‘Hot Tub Time Machine 2’ Was Not A Relaxing Second Dip (Movie Review)

Hot Tub Time Machine 2: 2 out of 5

Nick:  Smells like hatred.

In 2010, I was excited to see a film that sold me on Craig Robinson looking into the camera and spouting the words “Hot Tub Time Machine.”  Given that the film had such a ludicrous title to begin with, the cast going the extra mile to make something so silly it came back to being pretty funny again just in the way of the premise was enough to have me excited.  The fact that the film delivered on being more than just a silly title is what left me impressed.  The film was a gross-out comedy with a sci-fi twist fitting of the 80s body switching craze.  It also had a solid cast and a mix of clever and absurdist humor to make it more worthwhile.  Now we have the sequel, with its existence seeming as perplexing as the concept of time travel.  The lack of the charm and some of the same stars did not help, as this film left me wanting to get out, dry off, and mingle with a different crowd.

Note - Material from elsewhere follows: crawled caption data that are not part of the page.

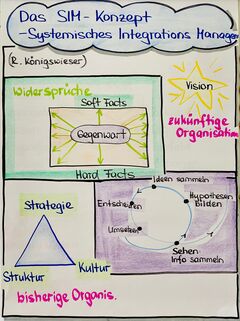 Flipchart zur Organisationsentwicklung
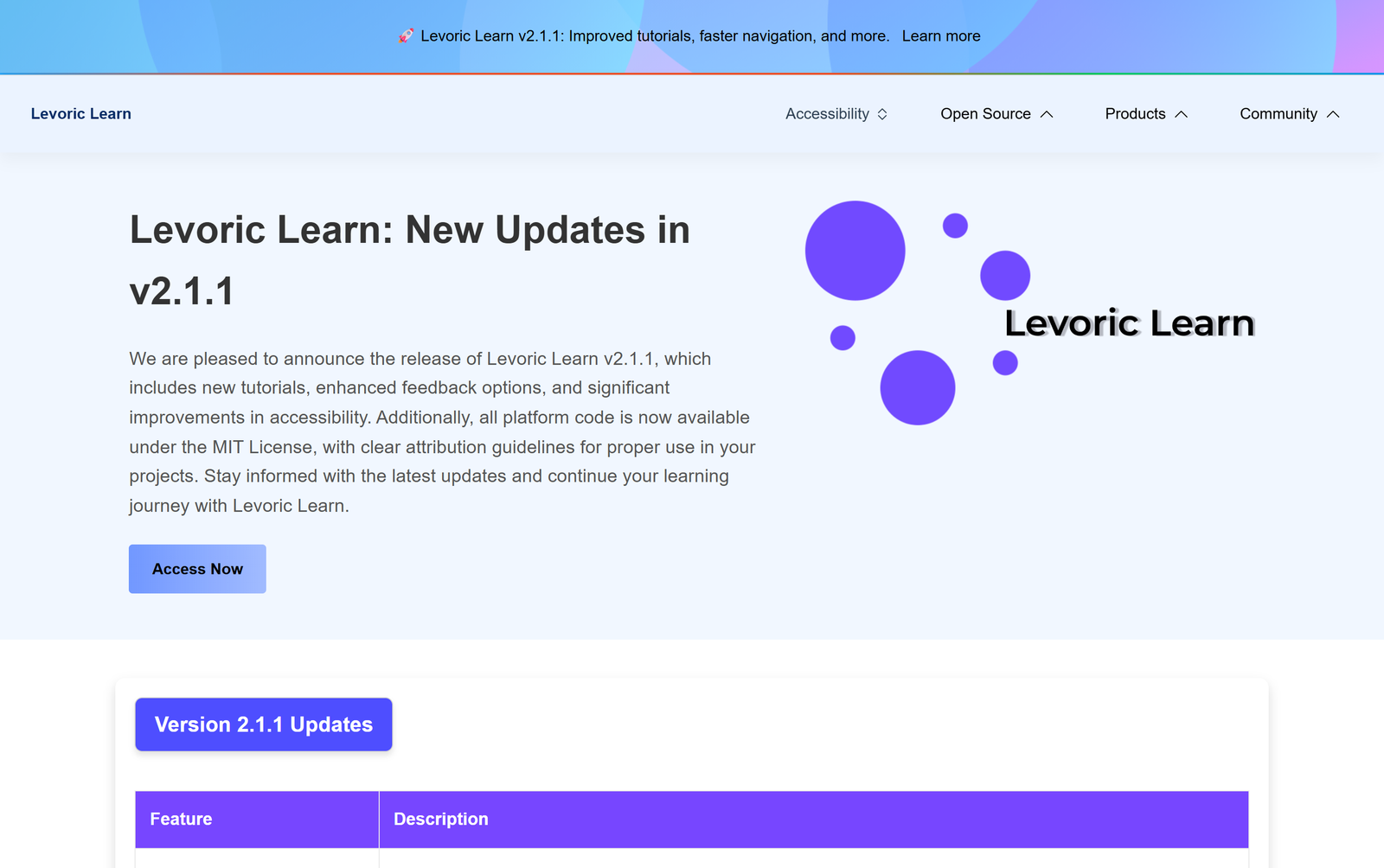 Levoric Learn New Version 2.1.1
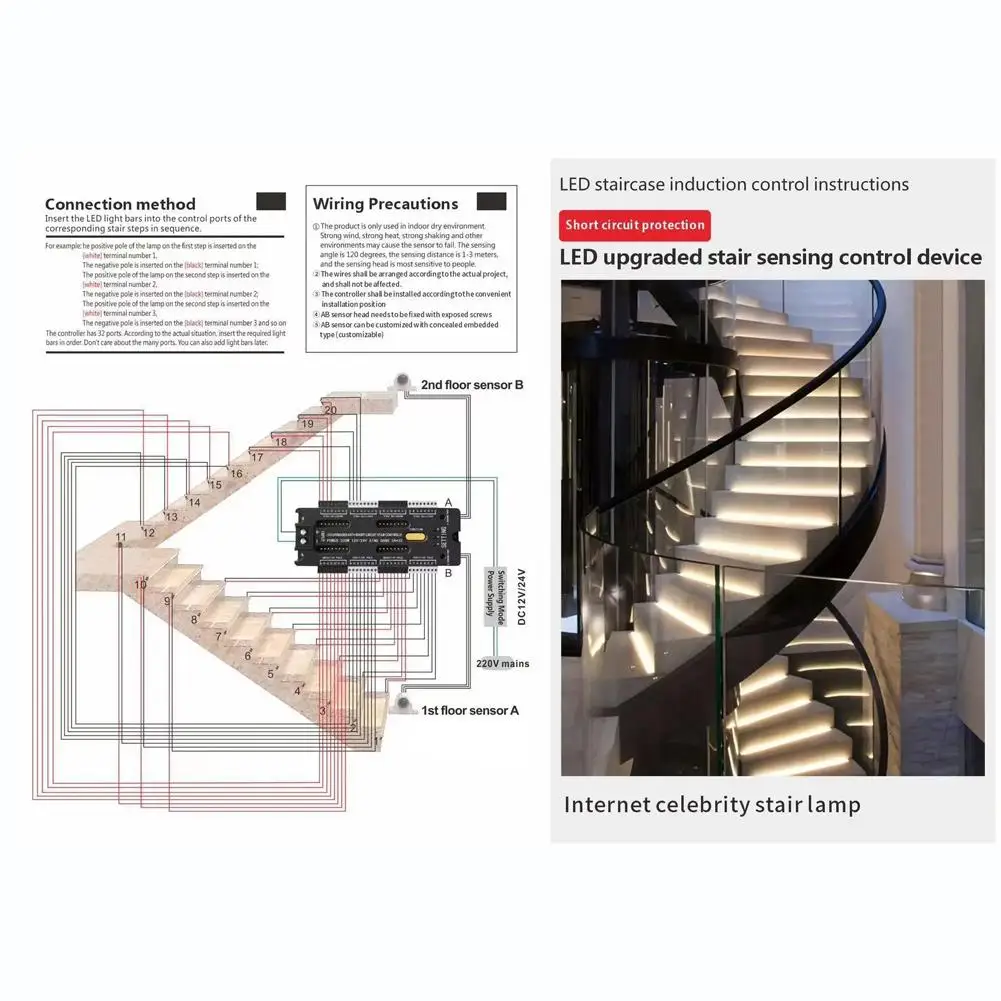 

32 Channel Stair Light Control Board Step Function Step Lighting Stair Light 18 Sensing Lighting Modes 32-channel Controller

We see the return of three of the lead characters from the first film, Lou (Rob Corddry), Nick (Craig Robinson), and Jacob (Clark Duke).  Missing is John Cusack as Adam, but even looking at some of Cusack’s recent VOD releases, it still seems like he made the right decision.  Anyway, the gang is back and the film continues on with the new reality the guys created for themselves at the end of the first film.  For various reasons…actually, I should just say it directly:  after Lou takes a shotgun blast to the groin, the guys hop back in the hot tub time machine in order to solve the mystery of who attempted to kill Lou.  As this hot tub time machine seems to function on its own accord (the films are really pretty loose with this), the guys are shot into the future, where they deal with all kinds of new developments and people, including Adam’s son played by Adam Scott.  If these guys are able to keep it together, they will have just the chance they need to make everything right-ish.

Despite a rocky opening free of big laughs, there was a point where I thought returning writer Josh Heald and returning director Steve Pink found a way to actually tackle a sequel to the first film, where these guys really dove into what their past activities ended up doing to the future.  As the film continued, I realized I was very wrong and any semblance of true cleverness was instead replaced with easy references to other time travel movies and plotting that ends up not making all that much of a difference, other than providing excuses for dirty jokes.  The first film was not exactly a head scratcher, when it came to the time travel logic either, but to go along with the raunchy humor, that film had a sort of silly charm and heart that kept it likable.  While Hot Tub Time Machine 2 does not exactly go the Hangover Part II route of recycling all of the same jokes, it does share the similarity of being bigger and more mean-spirited than the first.

Really, I wanted to laugh and took every opportunity to do so when something generally funny happened, but those moments were unfortunately far in between each other, with a sense of urgency focused on disgusting and daring the audience, rather than be more creative.  There is a scene in this film that managed to go to the lengths of being more offensive than anything seen in Kingsman and feature the kind of abuse that Fifty Shades of Grey was falsely accused of having.  I am not sure if Hot Tub Time Machine 2 set out to be even wackier (in a very dark sort of way) than the very two films released one week prior, but it put the film in a place that it could not recover from, as a whole, at that point.

I am saying the film has its moments though.  The chemistry between these guys is decent enough, even if the jokes between them are much meaner.  There were also a few ideas concerning the futuristic setting of the film (2025) that made for some clever moments and gags.  It is just a shame that not more was done with how these guys really changed the world, given their now direct involvement with the history of the world and technologically.  Yes, this is a goofy comedy, but while the first one embraced the idea of friendship and relationships, this sequel goes a different direction, which is good, but does not do nearly enough to blend the goofiness with the potential it had mess around in the future in a more enjoyable way.

Continuing to prove the rarity of a worthwhile comedy sequel, Hot Tub Time Machine 2 does not manage to get across enough laughs to make this anything more than another look at a raunchy group of guys, minus a few of the things that seemingly held it together.  The absence of John Cusack may or may not be the sole reason this film is a mess of unfunny gags and offensive humor, but the minor laughs to be had are not enough to make up for all the stuff that does not work.  The lead actors are certainly happy to be back for more, but this second dip in the tub is too crass and lacking in much else to make it work against the odds in the same way its predecessor did.

Lou: We’ve gotta make America happen bro!